TLDR; We deeply understand what all NAT options are and how they work. Super strong team technically. We’re challenging our traditional wisdom and assumptions to try to justify why we should spend extra $$$ on NAT solutions in AWS. We are not restricted by cost but certainly do not spend money purely for religious reasons (as in, because that’s how we’ve always done it).

We are currently considering three mechanisms to reach EC2 instances:

  • IGW -> Subnet(s) | 1-1 NAT (When PIP or EIP attached to instance)
  • NGW -> Subnet(s) | 1-Many NAT
  • Nat Instances (or roll your own) | Can accommodate both above scenarios

We started with a NAT instance years ago prior to NGW’s existing. We rolled our own. It was easy; NGW’s were easier. We switched to NGW’s some years later.

Over the past half decade our traffic increased and the bi-directional billing on our NGW’s has grown. We are addressing the concept now. We had an open discussion on our team about our architecture and our assumptions. We are having a hard time justifying leveraging the NGW or Nat Instance solutions. Some of our concerns:

  • Bi-Directional billing on the NGW
  • Maintenance / Support of NAT Instances
  • Limits on bandwidth for both NGW / Instances
  • Additional Complexity; No functional gain (over IGW)

We are considering various other designs; loosely:

  • All IGW 1-1 NAT (on instances that need internet)
  • Instances like DB’s / Internal machines - No PIP / EIP
  • VPCE -> S3/Dynamo for that traffic
  • Still leveraging ALB’s the same way
  • This list is not exhaustive

(I would like to acknowledge a user in your slack brought up the valid point that IGW’s (and NAT Instances) can permit inbound traffic at all which may be a differentiator between NGW’s and the other two options.)

Why would an IGW 1-1 NAT flag an audit over a NAT Instance? Have you guys seen that in practice?

Our few machines that need access to the internet would still maintain a tight sec group with Deny All outside of our internal VPC traffic. None of our instances will effectively be reachable from the internet. This all feels functionally the same; but, I confess it challenges my 20 years of conventional wisdom and I’m very much interested in any real world compliance tests that would fail this and why.
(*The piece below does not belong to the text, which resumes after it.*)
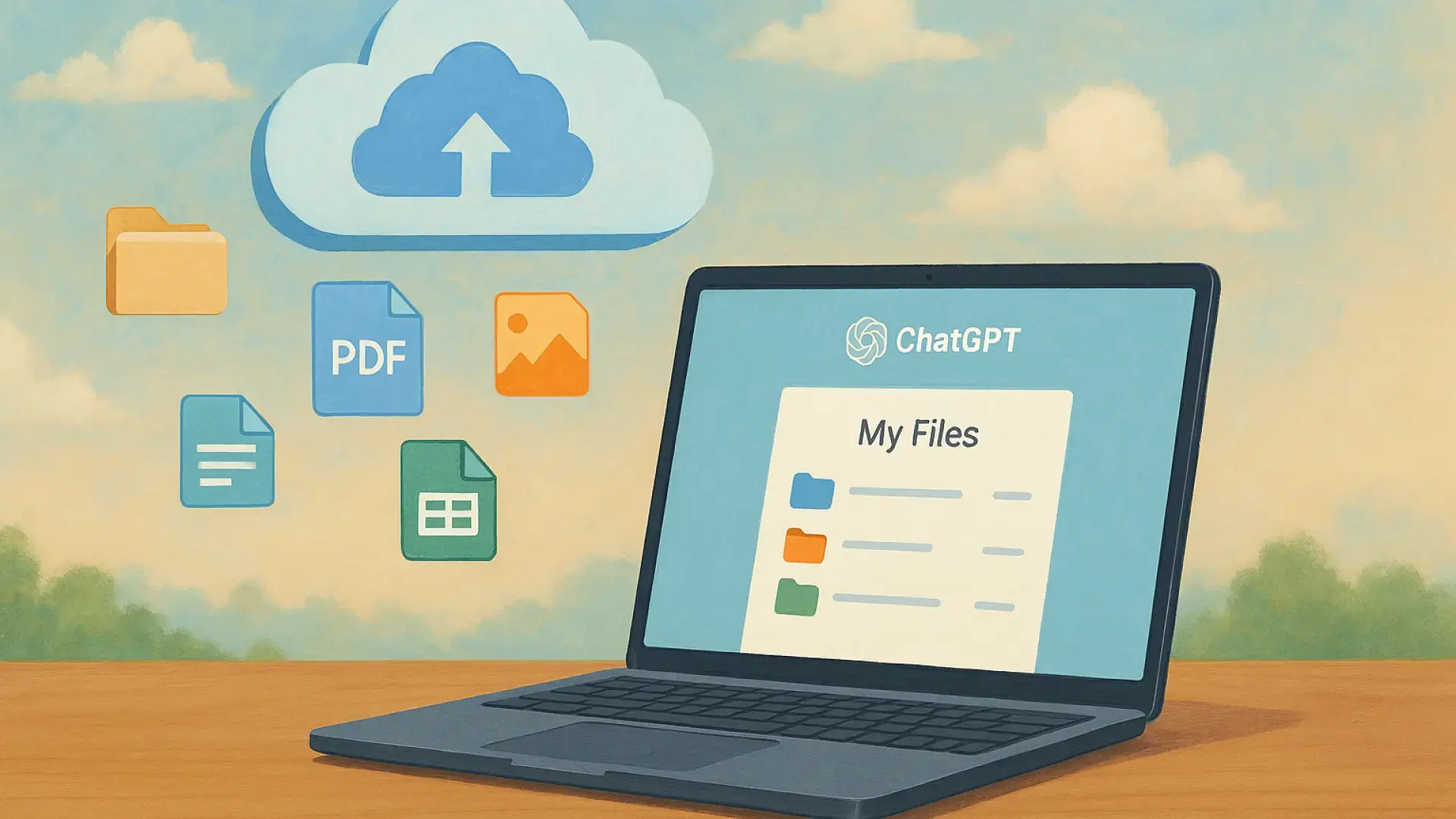 ChatGPT conectado a plataformas de almacenamiento ChatGPT conectado a plataformas de almacenamiento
Thanks for giving this some thought!

We obviously don’t know your use case or deployment in specific, but speaking in generalities it definitely makes some sense to route what you can through a VPC endpoint to avoid some of the data transfer charges. That we can confirm from a cost standpoint.
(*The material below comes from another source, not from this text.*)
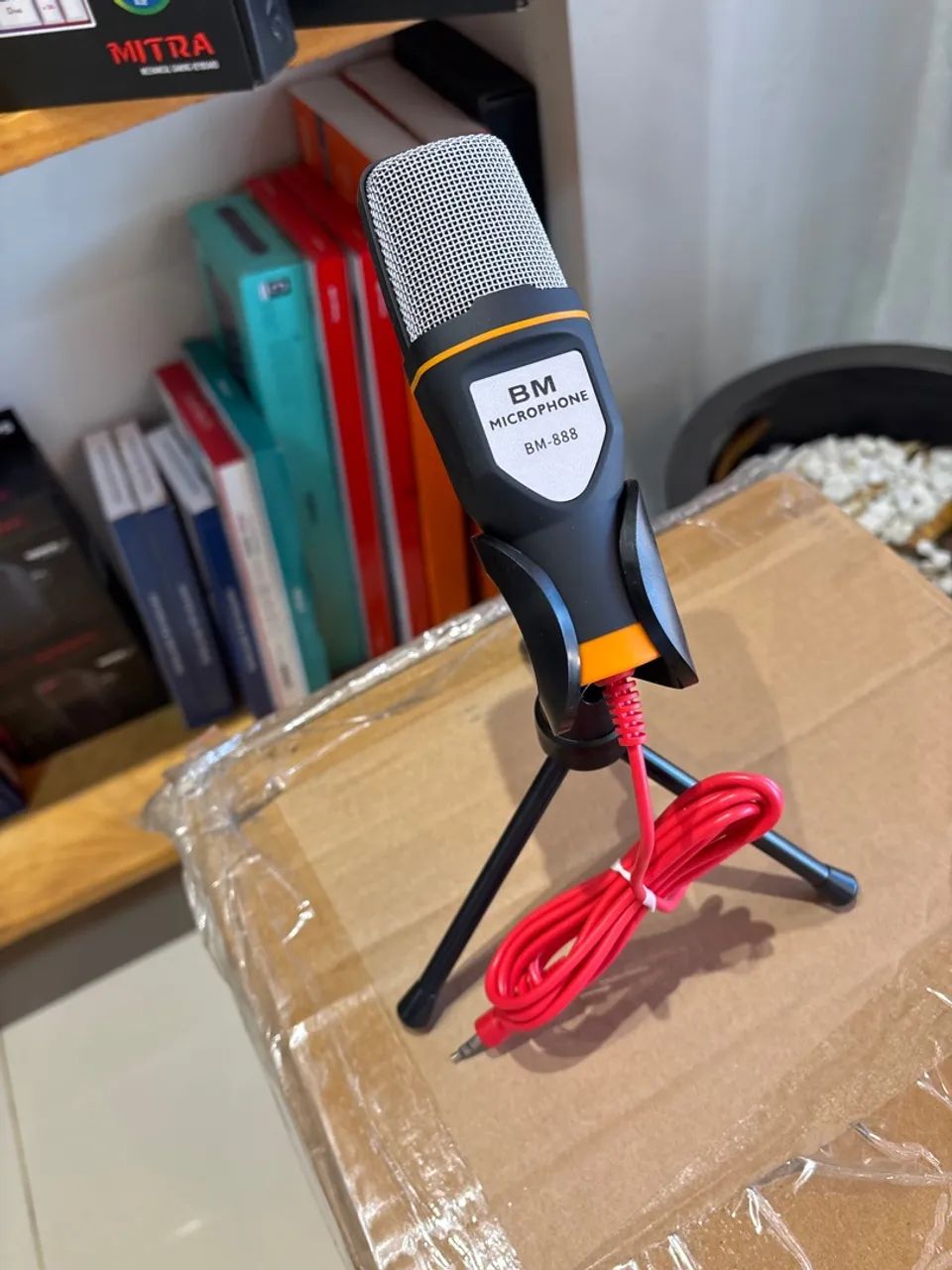 Microfone Condensador B-Max BM-888 - Estúdio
With regards to the security audit, we haven’t seen that yet with any of our customers. However, we haven’t really seen any of our customers use that approach to internet access. Think the only common sense issue that I could raise is the following: (1) that a catastrophic failure of your security protocol would potentially cause more damage than it would with the NGW setup…meaning if you don’t follow your own procedures your risk of exposure might be higher, (2) that I think semantically, which may have some bearing on the audit, any VPC that is connected to a IGW is called a public VPC…not sure if that matters but it might.

Also, I know its trite, but I would check your compression strategies in terms of what you are transferring, sometimes companies get sloppy.